Gabriel Iglesias, Bill Burr and Ansari have sold out Madison Square Garden. Kevin Hart performed for 53,000 people at Philadelphia's Lincoln Financial Field.
The appetite seems massive. In early June, more than 45,000 people showed up at Clusterfest. Audiences swelled for evening shows from Hart and Sarah Silverman; midday sets from Tig Notaro and Hasan Minhaj; podcasting recordings from Phoebe Robinson and Anna Faris; and improv from Fred Armisen and Matt Besser.
Before, people wanted to be rock stars - now they want to be comics, says Comedy Central executive Steve Raizes.
"People really define themselves, both in real life but also on social media, through their sense of humour," he adds. "That's how you portray yourself publicly and how people get to know you.
"It feels like everybody's a comedian," Michael Che says. "Even news articles are written with a humorous twist and the headline is funny."
Stand-up comics once vied for limited TV airtime. Now there's Twitter, Instagram, podcasts, web series and they vie to be noticed on the limitless internet, where they can tell jokes and upload videos instantly.
We have Beatles-level talent right now, and that is really, truly fuelling a lot of the boom.
"The democratisation of the internet has kind of sped things up," says Raizes. "That's kind of a whole new path in ... It used to take people 10 years to kind of go through this."
More platforms also means less boxing-in of comics based on their race, gender or sexual orientation.
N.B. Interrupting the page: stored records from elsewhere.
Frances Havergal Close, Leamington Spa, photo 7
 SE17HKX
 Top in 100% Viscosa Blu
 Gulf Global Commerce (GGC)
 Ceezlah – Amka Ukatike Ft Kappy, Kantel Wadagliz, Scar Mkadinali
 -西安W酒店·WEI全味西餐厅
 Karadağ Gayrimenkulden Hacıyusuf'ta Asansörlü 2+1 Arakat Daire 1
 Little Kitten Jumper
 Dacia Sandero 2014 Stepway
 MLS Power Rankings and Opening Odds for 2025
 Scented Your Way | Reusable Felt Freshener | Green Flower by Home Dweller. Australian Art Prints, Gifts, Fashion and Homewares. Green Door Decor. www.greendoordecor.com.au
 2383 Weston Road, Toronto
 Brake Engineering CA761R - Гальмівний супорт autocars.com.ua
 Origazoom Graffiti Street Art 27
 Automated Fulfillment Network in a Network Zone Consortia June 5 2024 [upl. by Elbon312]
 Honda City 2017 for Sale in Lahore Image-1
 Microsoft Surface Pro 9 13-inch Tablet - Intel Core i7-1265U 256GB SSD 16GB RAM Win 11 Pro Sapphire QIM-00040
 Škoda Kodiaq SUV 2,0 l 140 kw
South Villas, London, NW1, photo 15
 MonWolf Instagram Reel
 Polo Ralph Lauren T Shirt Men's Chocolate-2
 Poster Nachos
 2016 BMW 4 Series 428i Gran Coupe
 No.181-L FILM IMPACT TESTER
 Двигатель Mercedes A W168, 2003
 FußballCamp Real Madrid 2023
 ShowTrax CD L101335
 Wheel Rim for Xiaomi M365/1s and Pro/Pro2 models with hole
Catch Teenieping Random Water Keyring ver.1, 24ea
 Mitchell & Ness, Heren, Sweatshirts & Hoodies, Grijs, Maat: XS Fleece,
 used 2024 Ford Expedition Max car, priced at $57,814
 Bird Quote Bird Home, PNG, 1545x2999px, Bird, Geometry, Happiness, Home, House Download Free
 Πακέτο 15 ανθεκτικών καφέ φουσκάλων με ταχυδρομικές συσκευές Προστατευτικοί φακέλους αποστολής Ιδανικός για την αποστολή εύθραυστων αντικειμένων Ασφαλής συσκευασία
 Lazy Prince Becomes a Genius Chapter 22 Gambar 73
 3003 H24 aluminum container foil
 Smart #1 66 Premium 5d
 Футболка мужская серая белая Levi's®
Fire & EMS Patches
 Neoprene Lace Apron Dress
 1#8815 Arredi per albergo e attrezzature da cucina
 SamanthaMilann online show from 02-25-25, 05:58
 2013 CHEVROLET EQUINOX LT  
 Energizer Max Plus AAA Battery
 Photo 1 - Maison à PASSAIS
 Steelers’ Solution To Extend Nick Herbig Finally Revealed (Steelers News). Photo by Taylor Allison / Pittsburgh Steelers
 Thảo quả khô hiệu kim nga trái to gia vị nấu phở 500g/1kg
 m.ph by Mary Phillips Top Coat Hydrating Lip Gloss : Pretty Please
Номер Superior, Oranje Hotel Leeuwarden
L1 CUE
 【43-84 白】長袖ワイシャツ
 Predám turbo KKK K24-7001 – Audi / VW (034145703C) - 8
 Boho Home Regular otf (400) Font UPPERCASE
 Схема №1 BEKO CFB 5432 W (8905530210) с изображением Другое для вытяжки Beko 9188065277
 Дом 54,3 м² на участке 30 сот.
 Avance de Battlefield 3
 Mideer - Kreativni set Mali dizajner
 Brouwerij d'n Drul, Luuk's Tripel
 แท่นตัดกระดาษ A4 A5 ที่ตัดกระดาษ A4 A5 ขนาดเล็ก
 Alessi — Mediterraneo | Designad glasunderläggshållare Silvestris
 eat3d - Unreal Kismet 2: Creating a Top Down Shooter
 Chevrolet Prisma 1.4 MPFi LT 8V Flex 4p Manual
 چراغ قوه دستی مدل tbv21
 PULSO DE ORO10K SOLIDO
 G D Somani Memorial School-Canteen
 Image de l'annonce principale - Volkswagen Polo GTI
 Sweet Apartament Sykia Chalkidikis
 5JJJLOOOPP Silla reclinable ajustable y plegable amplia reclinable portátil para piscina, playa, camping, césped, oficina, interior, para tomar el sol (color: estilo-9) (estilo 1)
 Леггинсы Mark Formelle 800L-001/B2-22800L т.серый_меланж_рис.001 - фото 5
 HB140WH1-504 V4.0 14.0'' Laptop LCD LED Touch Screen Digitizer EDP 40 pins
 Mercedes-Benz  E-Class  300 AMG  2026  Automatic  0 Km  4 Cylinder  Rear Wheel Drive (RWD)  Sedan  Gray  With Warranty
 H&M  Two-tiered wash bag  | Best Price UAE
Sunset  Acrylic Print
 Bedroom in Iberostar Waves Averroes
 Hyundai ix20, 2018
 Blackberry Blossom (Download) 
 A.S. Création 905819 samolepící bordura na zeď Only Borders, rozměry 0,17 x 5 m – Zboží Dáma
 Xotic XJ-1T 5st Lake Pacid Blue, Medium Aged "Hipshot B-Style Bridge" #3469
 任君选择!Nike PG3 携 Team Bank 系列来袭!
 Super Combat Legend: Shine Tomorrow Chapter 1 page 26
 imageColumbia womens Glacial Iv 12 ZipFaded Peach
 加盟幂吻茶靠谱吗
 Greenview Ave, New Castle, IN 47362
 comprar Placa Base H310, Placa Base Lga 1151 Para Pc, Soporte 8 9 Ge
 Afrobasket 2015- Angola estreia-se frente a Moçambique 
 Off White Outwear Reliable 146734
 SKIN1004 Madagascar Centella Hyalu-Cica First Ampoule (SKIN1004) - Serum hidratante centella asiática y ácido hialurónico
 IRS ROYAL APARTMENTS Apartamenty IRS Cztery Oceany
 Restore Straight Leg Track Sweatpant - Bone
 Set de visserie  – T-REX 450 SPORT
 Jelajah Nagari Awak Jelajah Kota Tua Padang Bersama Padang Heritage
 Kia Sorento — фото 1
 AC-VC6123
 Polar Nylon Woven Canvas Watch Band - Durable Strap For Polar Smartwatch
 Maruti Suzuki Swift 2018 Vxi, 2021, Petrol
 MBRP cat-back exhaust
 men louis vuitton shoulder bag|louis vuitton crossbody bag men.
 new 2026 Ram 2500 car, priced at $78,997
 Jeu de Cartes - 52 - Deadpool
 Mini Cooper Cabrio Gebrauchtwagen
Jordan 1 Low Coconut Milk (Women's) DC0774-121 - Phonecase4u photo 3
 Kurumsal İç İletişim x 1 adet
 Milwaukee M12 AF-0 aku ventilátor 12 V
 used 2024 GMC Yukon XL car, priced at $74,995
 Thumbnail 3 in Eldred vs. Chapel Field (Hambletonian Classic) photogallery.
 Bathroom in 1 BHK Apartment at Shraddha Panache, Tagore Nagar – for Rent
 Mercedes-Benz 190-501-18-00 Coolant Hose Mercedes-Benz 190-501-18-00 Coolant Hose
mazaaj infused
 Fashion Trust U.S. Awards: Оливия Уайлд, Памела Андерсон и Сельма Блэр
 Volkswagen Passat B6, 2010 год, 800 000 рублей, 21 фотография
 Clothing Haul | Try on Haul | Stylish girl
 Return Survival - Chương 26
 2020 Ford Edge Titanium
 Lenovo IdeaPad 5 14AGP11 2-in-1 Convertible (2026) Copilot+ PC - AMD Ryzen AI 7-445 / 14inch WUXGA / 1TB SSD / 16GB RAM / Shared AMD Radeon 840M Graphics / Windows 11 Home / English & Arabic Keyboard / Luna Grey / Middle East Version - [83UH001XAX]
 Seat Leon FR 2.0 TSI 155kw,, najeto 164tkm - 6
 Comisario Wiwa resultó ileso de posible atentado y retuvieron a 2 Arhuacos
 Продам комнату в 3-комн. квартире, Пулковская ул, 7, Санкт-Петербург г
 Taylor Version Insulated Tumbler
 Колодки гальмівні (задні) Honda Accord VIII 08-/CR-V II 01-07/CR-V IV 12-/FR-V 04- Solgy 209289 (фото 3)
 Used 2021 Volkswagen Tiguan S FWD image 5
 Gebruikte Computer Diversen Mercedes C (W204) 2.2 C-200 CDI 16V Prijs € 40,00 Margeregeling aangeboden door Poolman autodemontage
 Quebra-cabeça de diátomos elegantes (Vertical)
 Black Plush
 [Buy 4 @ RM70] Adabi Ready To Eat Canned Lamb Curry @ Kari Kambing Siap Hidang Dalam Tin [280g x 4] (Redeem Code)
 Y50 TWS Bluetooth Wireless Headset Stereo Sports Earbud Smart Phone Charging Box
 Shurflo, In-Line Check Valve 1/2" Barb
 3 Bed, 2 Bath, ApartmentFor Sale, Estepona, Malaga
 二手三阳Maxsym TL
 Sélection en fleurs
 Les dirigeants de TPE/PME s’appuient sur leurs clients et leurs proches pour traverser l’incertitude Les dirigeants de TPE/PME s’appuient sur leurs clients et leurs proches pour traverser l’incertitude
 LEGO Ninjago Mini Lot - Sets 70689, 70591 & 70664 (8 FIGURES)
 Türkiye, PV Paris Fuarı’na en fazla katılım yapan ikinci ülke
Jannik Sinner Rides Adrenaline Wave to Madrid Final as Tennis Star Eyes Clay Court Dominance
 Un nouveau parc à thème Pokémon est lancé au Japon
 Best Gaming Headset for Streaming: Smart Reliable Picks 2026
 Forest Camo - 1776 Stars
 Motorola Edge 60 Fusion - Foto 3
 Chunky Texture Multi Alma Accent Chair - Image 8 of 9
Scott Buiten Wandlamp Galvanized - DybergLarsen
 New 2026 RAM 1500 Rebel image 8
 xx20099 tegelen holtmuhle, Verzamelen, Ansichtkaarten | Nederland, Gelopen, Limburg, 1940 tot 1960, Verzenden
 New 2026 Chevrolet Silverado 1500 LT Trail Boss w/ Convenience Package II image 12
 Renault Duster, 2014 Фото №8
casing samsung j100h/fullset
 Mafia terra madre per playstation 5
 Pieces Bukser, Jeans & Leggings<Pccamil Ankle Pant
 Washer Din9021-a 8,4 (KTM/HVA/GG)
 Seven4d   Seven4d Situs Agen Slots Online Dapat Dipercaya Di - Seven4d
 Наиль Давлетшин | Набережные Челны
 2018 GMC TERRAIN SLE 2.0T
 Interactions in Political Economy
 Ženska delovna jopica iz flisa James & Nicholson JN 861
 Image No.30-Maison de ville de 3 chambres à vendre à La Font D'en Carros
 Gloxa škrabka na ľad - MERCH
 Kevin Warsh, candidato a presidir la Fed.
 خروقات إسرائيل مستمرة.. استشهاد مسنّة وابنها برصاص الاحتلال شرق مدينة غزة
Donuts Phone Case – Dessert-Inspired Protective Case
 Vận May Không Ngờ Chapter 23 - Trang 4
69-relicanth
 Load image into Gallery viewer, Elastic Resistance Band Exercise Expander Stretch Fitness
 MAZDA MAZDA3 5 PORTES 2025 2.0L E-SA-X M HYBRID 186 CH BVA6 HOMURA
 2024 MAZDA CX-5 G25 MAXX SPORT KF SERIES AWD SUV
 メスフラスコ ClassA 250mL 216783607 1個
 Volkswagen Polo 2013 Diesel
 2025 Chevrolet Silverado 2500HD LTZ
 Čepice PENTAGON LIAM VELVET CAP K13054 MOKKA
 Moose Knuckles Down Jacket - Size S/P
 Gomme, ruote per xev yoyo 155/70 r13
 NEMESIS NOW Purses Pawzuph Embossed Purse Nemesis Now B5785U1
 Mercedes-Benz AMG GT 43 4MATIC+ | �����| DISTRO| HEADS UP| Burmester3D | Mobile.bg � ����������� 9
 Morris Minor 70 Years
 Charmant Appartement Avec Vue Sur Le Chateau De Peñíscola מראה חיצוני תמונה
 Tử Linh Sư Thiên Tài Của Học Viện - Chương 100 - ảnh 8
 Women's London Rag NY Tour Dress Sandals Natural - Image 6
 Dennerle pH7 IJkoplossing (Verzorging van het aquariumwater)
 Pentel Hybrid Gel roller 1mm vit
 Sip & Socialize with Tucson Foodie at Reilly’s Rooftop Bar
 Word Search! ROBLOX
Comedy has swung back toward the more artistic side, says Chappelle - "and guys are getting paid for their work like Rembrandts".
Increasingly, comics are getting discovered on - and paid by - Netflix.
A comic can go from struggling to sell 50 tickets to, within months of a Netflix special, selling 4000, says Volk-Weiss, the comedy producer.
Netflix has licensed stand-up since launching its streaming service in 2007. In 2015, it released a dozen new specials. Last year, 19. This year? So far, about one a week: 25.
The company will reportedly pay tens of millions to Rock, Seinfeld and Chappelle, who has publicly referred to a US$60 million deal.
While demurring on how much money Netflix spends on producing comedy, Lisa Nishimura, the company's vice president of original documentary and comedy programming, says: "It's a meaningful and sizeable investment from the company because we take the category of stand-up seriously."
The reach is wide: more than 100 million subscribers and 190 countries. New technology has opened opportunities, but at a time of heightened politicisation and cultural divisions, it has also brought intense scrutiny to a craft that requires failing in public to get good.
"People are more holding comedians accountable, not for being funny, but for being on the right side of history," says Che. "It just feels like audiences want somebody who will get up there and say what they've already been thinking, as opposed to saying something they've never thought of before."